▶ Task to complete
I would like the line with "Зеркало наружное левое" and every line after it, down to the end of the entries below, output exactly and without pictures.

▶ Data supplied
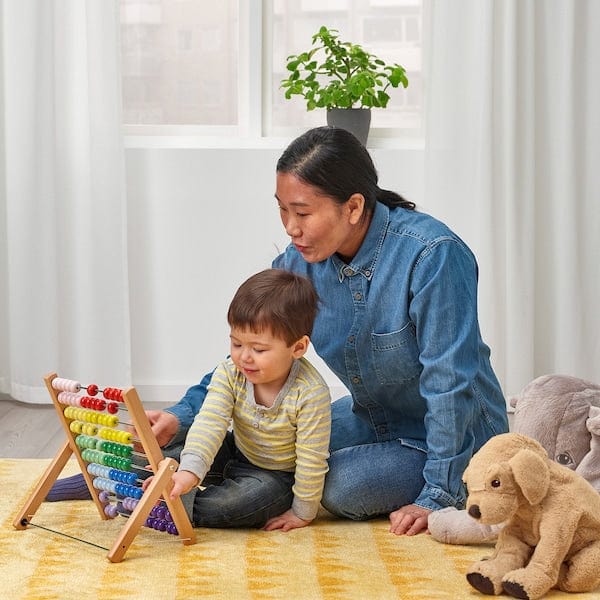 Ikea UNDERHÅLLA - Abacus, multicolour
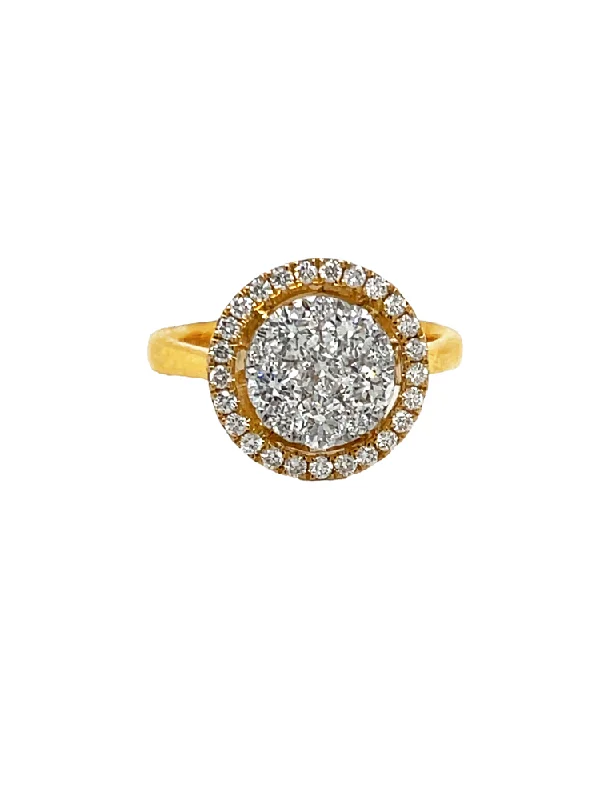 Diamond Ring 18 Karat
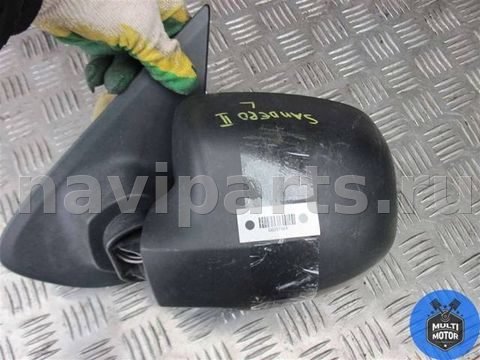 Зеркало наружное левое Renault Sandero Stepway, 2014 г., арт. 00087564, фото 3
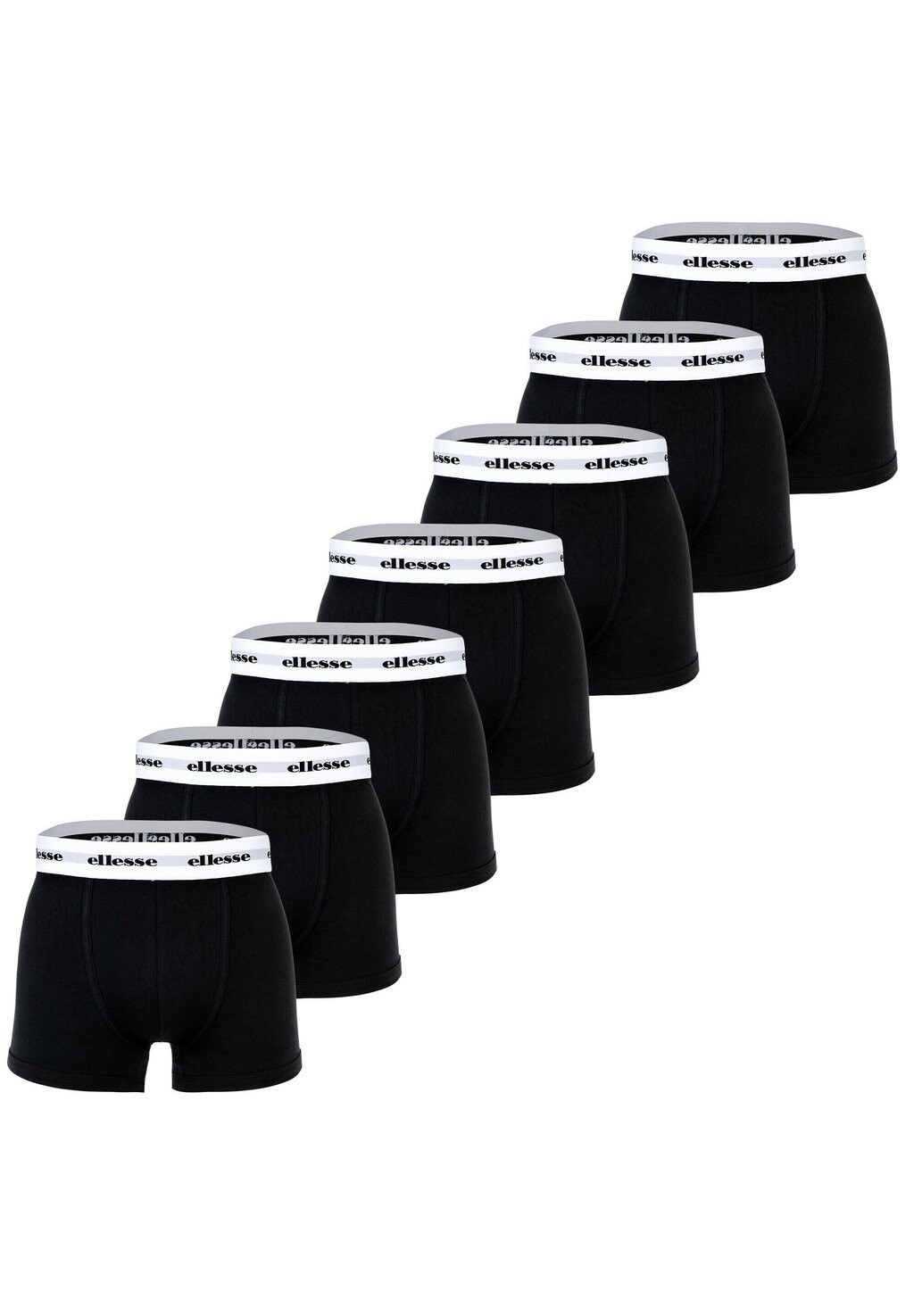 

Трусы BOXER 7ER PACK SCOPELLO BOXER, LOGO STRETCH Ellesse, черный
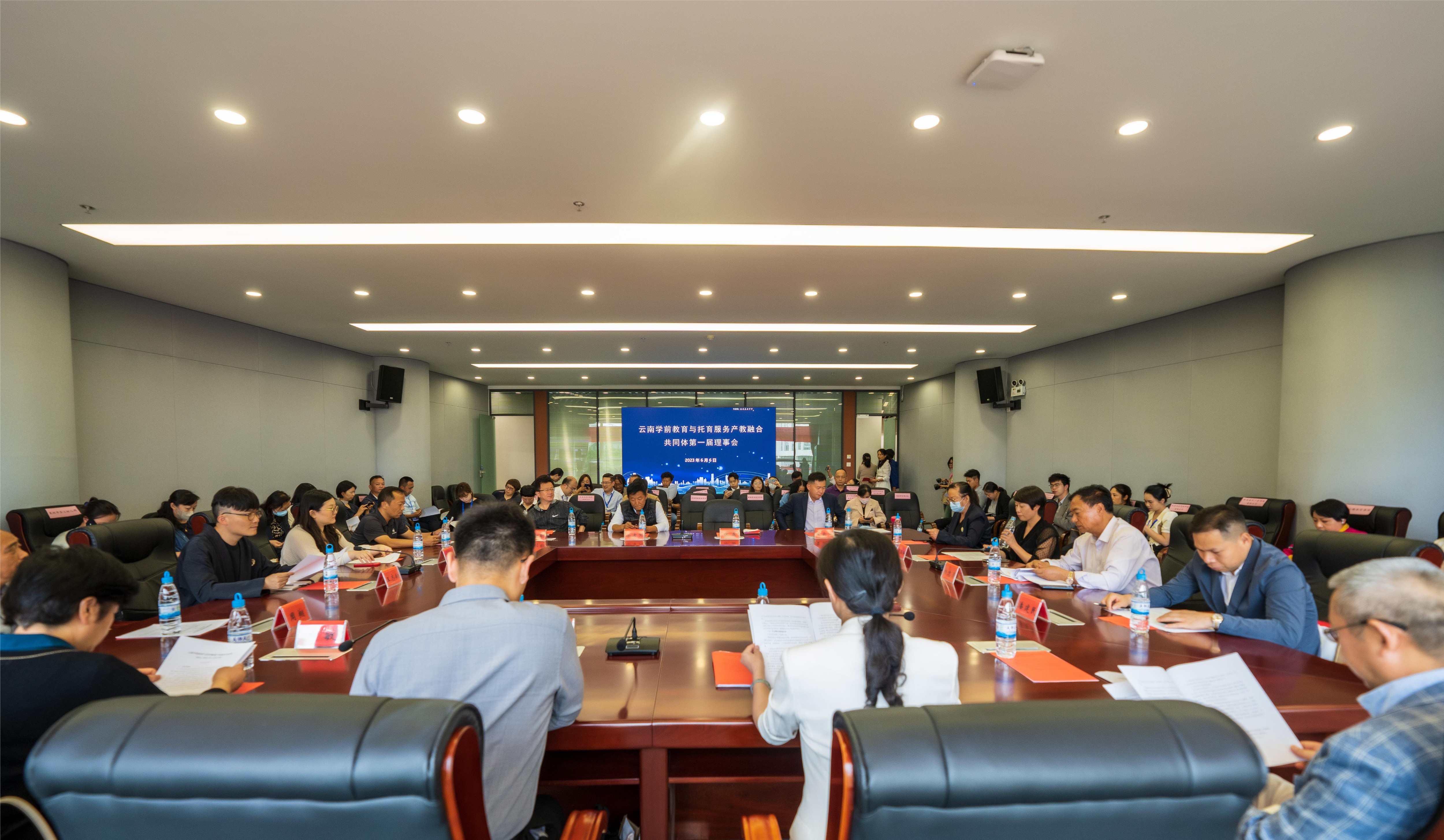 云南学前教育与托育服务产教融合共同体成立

▶ Written response
 Зеркало наружное левое Renault Sandero Stepway, 2014 г., арт. 00087564, фото 3

Трусы BOXER 7ER PACK SCOPELLO BOXER, LOGO STRETCH Ellesse, черный
 云南学前教育与托育服务产教融合共同体成立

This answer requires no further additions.